What does this history of native agroforestry and ecosystem management suggest for modern-day land use? First, it points towards reclaiming a more whole version of ecological and social history, and decolonizing conventional histories that marginalize the experiences and accomplishments of native people. Second, it suggests that modern farmers and land managers might look to traditional land use for new inspiration in navigating towards sustainability. One place to start is to match the uniqueness of a landscape with regenerative practices suggested by the land’s older history. Floodplains can grow corn and potatoes, but they can also grow walnuts, fruit trees, and perennial vegetables like Jerusalem artichoke and ostrich ferns. Thin upland soils can support marginal pasture land for sheep or cows, continuing the overgrazing of the 19th century, but they can also support drought-tolerant native perennial crops such as hazelnuts and many species of berries. Richer midslope soils can support orchards, pastures, gardens, or hardwood forests – but those elements can also combine to create powerfully multi-functional working agroforestry landscapes.

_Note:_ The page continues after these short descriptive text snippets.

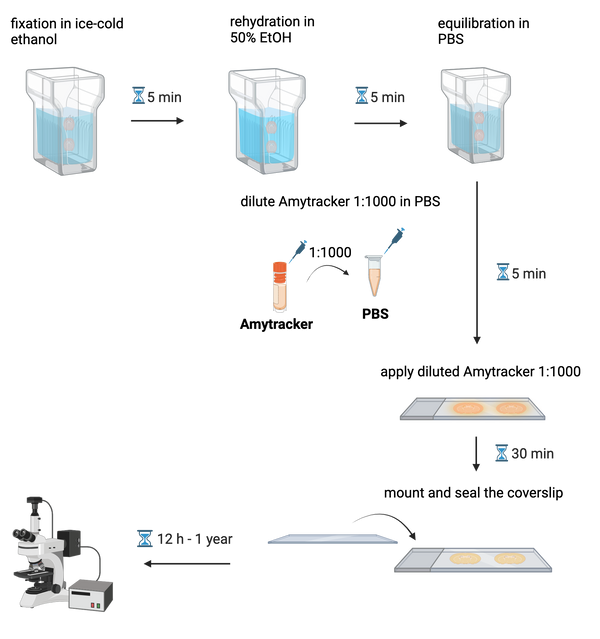 Labeling of protein aggregates in tissue sections or cells
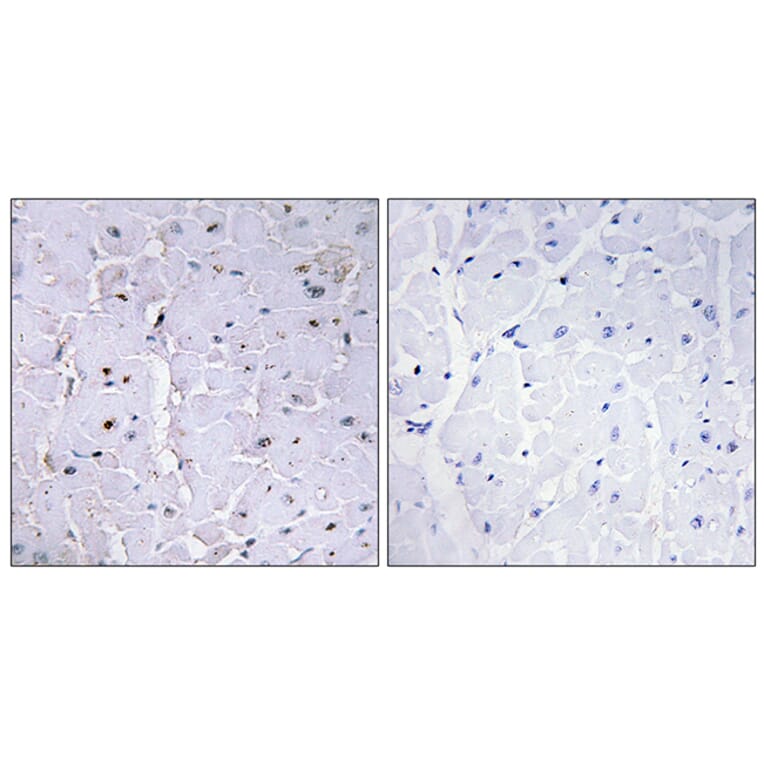 Immunohistochemistry - Anti-Pin1 (phospho Ser16) Antibody (A0713) - Antibodies.com
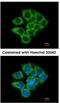 Eukaryotic Translation Elongation Factor 1 Delta antibody, NBP1-32013, Novus Biologicals, Immunocytochemistry image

Sugarbushes can grow a wide range of full-shade crops in their understories, including mushrooms, ramps (also known as wild leeks), and valuable medicinal plants. Pasturing livestock under widely-spaced timber or nut trees can reduce the animals’ heat stress while producing multiple economic yields from a single plot. Orchards can be diversified with disease-resistant fruit species and understory crops of berries and cut flowers, reducing pest pressure and increasing economic and ecological resilience. These polyculture systems are complex, but years of study, trialing, and relearning by modern agroforestry “re-pioneers” in the Northeast have begun to reveal simple, successful patterns ready for more in-depth experimentation. And slowly, steadily, diverse tree-based agriculture is taking root again in pockets throughout the Northeast.
I’ve been exploring agroforestry for most of my adult life, and I’m convinced that it offers more than just a “new” (and old) form of agriculture. It also offers a worldview shift away from an extractive, disconnected relationship with the land. The diversity, complexity, and long-term nature of agroforestry systems can help to create participatory, mutually beneficial relationships with the land instead. Boundaries between “domestic” and “wild,” and between people and nature, can begin to blur and dissolve. We may be able to recover something ancient and essential through bringing trees back to our farms, and our farming back into the forest. I’ll meet you out there, on the edge in between.